Matrix multiplication when working over the Weyl algebra Macaulay2 I am running the code below in Macaulay2.
load "Dmodules.m2"
R = QQ[x_11,x_12,x_21,x_22]
D = makeWeylAlgebra R
a = x_11*dx_21 + x_12*dx_22
b = x_22*dx_22 + 2
a*b
matrix{{a}} * matrix{{b}}

The code is very straightforward of course. I am multiplying two elements of the Weyl algebra.

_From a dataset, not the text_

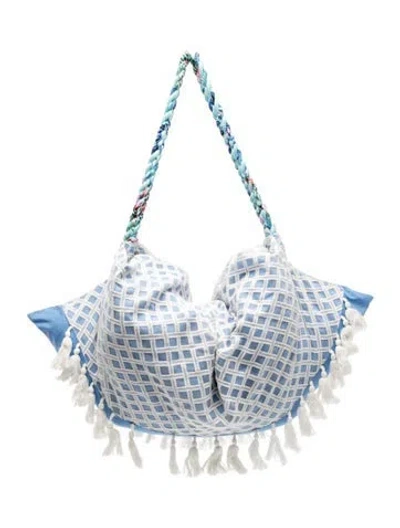 Pre-owned 6 Shore Road Tote In Multi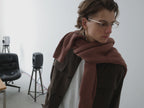 Lyocell Linen Stand Collar Cargo Jacket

The output when I do a*b is $$x_{11}x_{22}\partial x_{21}\partial x_{22} + x_{12}x_{22}\partial x_{22}^2 + 2x_{11}\partial x_{21} + 3x_{12}\partial x_{22},$$ whereas matrix{{a}} * matrix{{b}} gives $$x_{11}x_{22}\partial x_{21}\partial x_{22} + x_{12}x_{22}\partial x_{22}^2 + 2x_{11}\partial x_{21} + 2x_{12}\partial x_{22}.$$
Clearly, I am misunderstanding something because I expect the output of a*b when I do matrix{{a}}*matrix{{b}}, because that is what I get when I do it by hand. Should I be using some different syntax here? Any insight most appreciated.
EDIT:
matrix{{b}} * matrix{{a}}

gives $$x_{11}x_{22}\partial x_{21}\partial x_{22} + x_{12}x_{22}\partial x_{22}^2 + 2x_{11}\partial x_{21} + 3x_{12}\partial x_{22}.$$ This is consistent with other things I have observed. For instance, if I take a ideal with elements in the weyl algebra, and compute a free resolution, say x, and I do
x.dd_1 * x.dd_2,

then I get 0. But when I do
transpose(x.dd_2) * transpose(x.dd_1),

I don't get 0. So somehow, when multiplying matrices with elements from a Weyl algebra, the order is reversed?
 A: I am not familiar with Macaulay2 but took a guess.
The operator $**$ works.
$matrix(\{\{a\}\}) \,**\, matrix(\{\{b\}\})$
$x_{11}​x_{22}​dx_{21}​dx_{22}​+x_{12}​x_{22}​dx_{22}^2​+2x_{11}​dx_{21}​+3x_{12}​dx_{22}​​$
a*b
$x_{11}​x_{22}​dx_{21}​dx_{22}​+x_{12}​x_{22}​dx_{22}^2​+2x_{11}​dx_{21}​+3x_{12}​dx_{22}​​$
It turns out this is the tensor product.
It is not clear why the $*$ matrix multiplier is not using the Weyl group multiplication operator as the matrix tensor product operator seems to be using even when it is told that the matrices are over the Weyl group $matrix(D,\{\{a\}\})*matrix(D,\{\{b\}\})$.
It looks like a bug report is called for.
A: This is a feature (albeit an unexpected one for many) not a bug:
http://www2.macaulay2.com/Macaulay2/doc/Macaulay2-1.18/share/doc/Macaulay2/Macaulay2Doc/html/___Weyl_spalgebras.html
The wording in the current documentation seems to be imprecise: the order of matrices in multiplication is not reversed, but one should treat the entries of the matrices as if they are in the opposite algebra of the Weyl algebra.